__Activity__.
In the data that follows, find the line containing "Animal Print Button Front Maxi Dress - GR"; then quote that line and every line after it, exactly, through the last one.

==========

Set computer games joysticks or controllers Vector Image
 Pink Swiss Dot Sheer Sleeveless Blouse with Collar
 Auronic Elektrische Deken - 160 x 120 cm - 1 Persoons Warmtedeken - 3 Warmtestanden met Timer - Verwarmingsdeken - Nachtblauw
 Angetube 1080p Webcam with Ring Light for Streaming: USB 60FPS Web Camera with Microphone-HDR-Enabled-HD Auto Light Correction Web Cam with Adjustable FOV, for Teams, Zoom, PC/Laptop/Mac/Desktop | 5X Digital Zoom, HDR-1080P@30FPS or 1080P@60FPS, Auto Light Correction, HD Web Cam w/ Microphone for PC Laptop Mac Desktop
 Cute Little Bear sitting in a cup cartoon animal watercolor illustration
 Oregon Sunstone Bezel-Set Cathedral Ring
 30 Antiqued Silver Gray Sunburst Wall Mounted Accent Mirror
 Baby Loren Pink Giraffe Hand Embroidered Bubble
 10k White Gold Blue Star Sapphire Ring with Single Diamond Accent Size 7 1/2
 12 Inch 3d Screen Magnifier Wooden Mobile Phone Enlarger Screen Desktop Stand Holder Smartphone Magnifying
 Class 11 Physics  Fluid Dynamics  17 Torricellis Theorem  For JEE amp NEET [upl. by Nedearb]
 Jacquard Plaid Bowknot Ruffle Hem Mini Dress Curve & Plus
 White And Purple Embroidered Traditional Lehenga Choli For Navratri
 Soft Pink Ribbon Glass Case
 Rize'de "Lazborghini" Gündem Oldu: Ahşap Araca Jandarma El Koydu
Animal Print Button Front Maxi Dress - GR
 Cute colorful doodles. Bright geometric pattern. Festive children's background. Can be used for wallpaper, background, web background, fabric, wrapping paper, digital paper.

==========

__Result for this exercise__.
Animal Print Button Front Maxi Dress - GR
 Cute colorful doodles. Bright geometric pattern. Festive children's background. Can be used for wallpaper, background, web background, fabric, wrapping paper, digital paper.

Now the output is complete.